I pulled my phone off the charger and held it up, the light hurting my tired eyes as I looked at all the notifications that had slowly woken me up over the last half hour.

Fuckin’ Will.

Missed calls, texts, pictures… He was having the time of his life in Rio.

Or Cartagena. I forgot.

Him on the beach. Him with what’s-her-name. Him in the sun and sand, not freezing his ass off back here in Thunder Bay in January. Eating good food and laughing.

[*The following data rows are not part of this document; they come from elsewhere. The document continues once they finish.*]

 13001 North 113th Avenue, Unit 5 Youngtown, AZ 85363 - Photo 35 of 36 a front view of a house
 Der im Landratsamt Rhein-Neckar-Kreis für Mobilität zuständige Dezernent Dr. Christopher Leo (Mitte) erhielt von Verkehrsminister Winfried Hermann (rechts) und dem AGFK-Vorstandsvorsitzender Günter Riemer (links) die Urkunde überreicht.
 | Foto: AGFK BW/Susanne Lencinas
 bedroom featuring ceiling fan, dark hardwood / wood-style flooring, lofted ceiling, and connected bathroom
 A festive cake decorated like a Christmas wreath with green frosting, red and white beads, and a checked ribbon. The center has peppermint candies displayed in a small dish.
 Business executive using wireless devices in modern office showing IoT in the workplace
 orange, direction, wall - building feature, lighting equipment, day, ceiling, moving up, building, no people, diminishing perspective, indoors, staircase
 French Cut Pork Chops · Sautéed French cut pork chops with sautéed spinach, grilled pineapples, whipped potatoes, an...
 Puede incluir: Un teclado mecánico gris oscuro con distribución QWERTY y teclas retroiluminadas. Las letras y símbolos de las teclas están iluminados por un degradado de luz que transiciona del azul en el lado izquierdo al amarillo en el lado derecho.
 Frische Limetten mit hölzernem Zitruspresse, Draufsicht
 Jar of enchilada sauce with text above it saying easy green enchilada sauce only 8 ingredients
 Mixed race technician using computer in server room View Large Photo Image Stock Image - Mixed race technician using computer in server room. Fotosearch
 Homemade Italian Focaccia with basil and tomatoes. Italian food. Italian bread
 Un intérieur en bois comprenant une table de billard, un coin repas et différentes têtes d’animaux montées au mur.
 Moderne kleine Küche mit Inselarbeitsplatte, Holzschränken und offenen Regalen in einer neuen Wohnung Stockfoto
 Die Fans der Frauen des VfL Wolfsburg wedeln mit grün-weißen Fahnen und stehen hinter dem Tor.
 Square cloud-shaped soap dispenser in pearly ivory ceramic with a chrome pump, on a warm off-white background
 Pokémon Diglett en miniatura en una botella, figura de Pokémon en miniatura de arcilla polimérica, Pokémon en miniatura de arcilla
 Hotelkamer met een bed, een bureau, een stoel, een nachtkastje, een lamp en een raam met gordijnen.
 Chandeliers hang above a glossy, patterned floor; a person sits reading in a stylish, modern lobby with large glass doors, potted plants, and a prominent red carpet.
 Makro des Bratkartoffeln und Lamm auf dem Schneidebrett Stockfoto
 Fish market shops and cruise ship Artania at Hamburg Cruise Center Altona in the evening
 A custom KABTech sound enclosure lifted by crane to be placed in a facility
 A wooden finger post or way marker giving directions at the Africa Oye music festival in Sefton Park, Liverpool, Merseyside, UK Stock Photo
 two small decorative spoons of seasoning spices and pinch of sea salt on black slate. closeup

In the nearly three months since Devil’s Night, we’d gotten him clean but not dry, and as Kai, Michael, and I settled into the holidays, our homes, our women, and our work, he broke away and did some traveling. He said he needed a change of scenery, but he’d been gone a while, and although the pictures looked great, and he looked happy, I knew he was spinning and spinning until he eventually lost his balance and fell.

And, at twenty-four, his family would only tolerate the self-destruction for so much longer before they cut him off and made him come home.

Throwing the sheet off, I grabbed some sleep pants and pulled them on, dialing Will.

No answer, though. I sent a text, letting him know I was awake, and he could call.

Walking over to the floor-to-ceiling window, I peered out at the master bedroom balcony, taking in the blanket of fresh snow falling, making it look like cake frosting on the stone railing as the wind howled outside, making the trees creak.

Picking up the cigarettes on the table, I pulled one out and slid it under my nose, smelling the tobacco and cloves. My lips burned, and I stuck it in my mouth, rolling it and feeling the comfort of its feel already.

Winter was trying to get me to quit. It was a non-option for much of the argument. I wasn’t a non-smoker.

But then she mentioned kids and it being on my clothes and how secondhand smoke kills, and do I really want the baby to smell like shit?

Ah, fuck it.

I walked over to the French doors, picking up my lighter off the table, and sparking it up as I put on my shoes and opened the door to go out, but then I heard her sleepy voice from across the room.

“Hey,” she said from the bed. “Anything wrong?”

I growled silently, tearing the cigarette out of my mouth and crushing it in my fist.

Dammit. She would’ve smelled it on me when I came in, but at least I would’ve gotten a smoke in.

I tossed the lighter and broken cigarette on the bureau, kicking off my shoes and heading over to her.

“Everything’s fine,” I soothed, sitting on the bed and leaning down to kiss her.

“You were trying to smoke, weren’t you?” she said, sitting up.